Why in the heck does it always get in the way?/? Is it just me or what? Just when it seems things are going along pretty well and I start a project or start getting in to something enjoyable, work tends to rear it's ugly little head and throw me for a loop...


----------



## BassBlaster (Mar 12, 2012)

I hear ya. I work for the city in the transportation division. Were responsible for all snow removal so during the winter months we run three shifts. I'm currently on nights and it sucks. I dont get anything done. Heck, I havnt even started a project with the exception of some pens since Nov. Seems like all I do is work and sleep. Only 3 weeks left of this night shift business and then I'll have a lot more free time till around Thanksgiving when we go back to winter shifts.:ireful:


----------



## Kenbo (Mar 12, 2012)

You are definitely not alone when it comes to this. As much as I enjoy my job lately, I love my woodworking even more and I never seem to have enough time in the winter for it.

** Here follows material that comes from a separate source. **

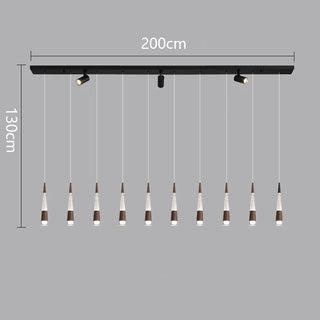 Riva - Modern Hanging Cone Glass Striped Pedant Ceiling Light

Once the warmer weather comes, I'll be able to go back to my routine of 2 hours a night plus all day Saturday and Sunday.


----------



## jimmythewoodworker (Mar 12, 2012)

Try retirement.....it's fabulous.....8 years and counting ....every day is Saturday...I can devote 8 hours a day in the workshop.........sorry I just had to say it I really do feel sorry for you guys:rofl2::rofl2::rofl2:


----------



## Firedkm (Mar 13, 2012)

jimmythewoodworker said:


> Try retirement.....it's fabulous.....8 years and counting ....every day is Saturday...I can devote 8 hours a day in the workshop.........sorry I just had to say it I really do feel sorry for you guys:rofl2::rofl2::rofl2:



I wish there was a _*dislike*_ button:dash2:


----------



## BassBlaster (Mar 13, 2012)

I'm 31 years and 6 months away from retirement. Plan is to retire the day I turn 65 and spend the rest of my days making sawdust and catching fish!!!


----------